Commonly referred to as "blue-books" because the early price guides in the automobile industry had blue covers, used boat price guides are used by boat dealers to figure trade-in allowances, by insurance agents to set values, and by marine surveyors for their evaluations. Even the IRS uses these price guide books to determine if you’re enjoying more money than you claim to be earning.
There are three generally accepted price guides in the U.S.: the BUC Used Price Guide, the NADA Marine Appraisal Guide, and the ABOS Marine Blue Book. Each uses a different method of calculating values, which means that the values in these books for the same boat can vary by a sizable amount.
While you probably won’t want to invest in one of these blue books before you trade in your boat, determine which price guide your dealer is using, and compare the value with the other guides. You can usually find copies at marine insurance agents or banks that handle boat financing.

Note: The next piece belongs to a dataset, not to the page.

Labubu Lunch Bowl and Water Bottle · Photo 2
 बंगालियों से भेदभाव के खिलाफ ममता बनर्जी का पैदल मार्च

BOAT/US, (800) 473-2869, also has a useful pricing service available to members called the Value Check program, which provides price guidelines for specific boat models by telephone or via the Internet. BOAT/US uses the blue books already mentioned, but it also relies heavily on a huge marine insurance database that helps them price boats geographically, by the time of year, and by usage.
When it comes to the blue books, take the values with a grain of salt, and don’t base your negotiations for either trade-in or direct sale solely on blue book prices. Always get a deal that makes you happy.